Case No. 1:04-CV-149
April 6, 2004
This matter is before the Court on Plaintiffs' motion for a temporary restraining order (Doc. No. 2). For the reasons set forth below, Plaintiffs' motion is not well-taken and is DENIED.
I. BackgroundEven at this early stage of the proceedings, the unfortunate facts of this case largely appear to be undisputed.
Plaintiffs, and the putative class they represent, are former employees of Formica Corporation ("Formica") and participants in the Formica Corporation defined benefit pension plan. At various times, ranging as far back as 1986, Formica Corporation offered Plaintiffs and the putative class members an early retirement buyout. Included in the materials Formica distributed to offerees of the buyout to assist their decisionmaking was an estimate of the monthly benefit they would receive from the pension plan. Although there were other incentives included in the buyout, Plaintiffs allege that they relied on Formica's representation regarding their monthly pension benefit in deciding to accept early retirement.
In any event, Plaintiffs retired from Formica and began receiving monthly pension payments corresponding to the estimates provided by Formica. Plaintiffs in fact received the monthly estimated pension payments for years and years, for as long as seventeen years in the case of one Plaintiff. For reasons not disclosed on the record at this time, in 2002, Formica engaged the firm of Mercer Human Resources Consulting ("Mercer") to audit the pension plan. Mercer's audit revealed that, for reasons not important here, Formica had miscalculated the monthly benefit due to a substantial segment of the plan's participants. Due to its error, Formica had been underpaying approximately 170 pensioners. More egregiously, at least in the eyes of the Plaintiffs, Formica had been overpaying nearly 300 pensioners, including the Plaintiffs and the putative class members. In other words, Formica had not been complying with the requirements of the pension plan with regard to the monthly benefits payable to the retirees.

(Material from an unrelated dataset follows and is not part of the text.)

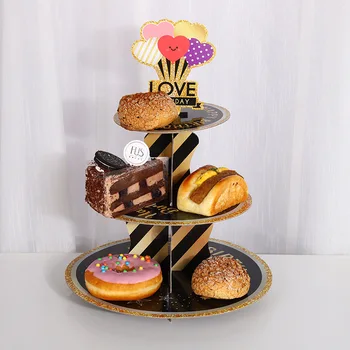3-Уровневая круглая Картонная подставка для кексов на свадьбу, День рождения, Черный Золотой держатель для кексов Love Cardboard, аксессуары для вечеринок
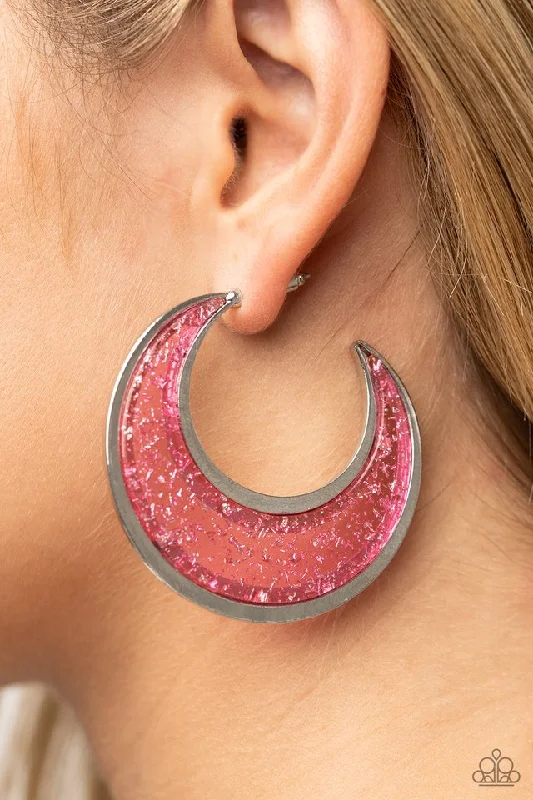 vintage crystal chandelier earrings Paparazzi Earring ~ Charismatically Curvy - Pink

Formica disclosed its actuarial errors to the Internal Revenue Service pursuant to the Voluntary Compliance Plan ("the VCP") in Revenue Procedure 2002-47. One of the benefits of voluntary reporting is that the employer can possibly avoid the drastic consequences of the IRS finding out on its own that the plan is not in compliance, such as plan disqualification and/or the imposition of substantial fines or penalties. One of the requirements of the VCP, however, is that the plan sponsor must adjust the pensioners' payments to the amount called for by the plan. In the case of Formica's plan, it meant that pensioners who were being underpaid had to have their benefits adjusted upwardly. It also meant that the Plaintiffs and the putative class members would have to have their monthly pension payments adjusted downwardly. And, as if that development were not bad enough, there remains the possibility that Formica may be required to recoup, or at least attempt to recoup, the amounts it has been overpaying Plaintiffs and the putative class members all of these years.
In January, in accordance with its VCP submission to the IRS, Formica notified Plaintiffs and the class members that effective with the January payment, it was reducing their pension payments by the amount indicated on their individual notices. In some cases, the monthly reduction in benefits is substantial. Plaintiffs, understandably upset about the sudden and unexpected loss of income, filed suit against Formica in the Hamilton County Court of Common Pleas. Plaintiffs' complaint against Formica asserted only state law claims for negligent misrepresentation and promissory estoppel. In addition to claims for other forms of compensatory damages, Plaintiffs also sought injunctive relief compelling Formica to restore their monthly payments to the pre-notice levels. Plaintiffs' complaint also includes allegations for a class of pensioners who have had their monthly pension payments reduced as well.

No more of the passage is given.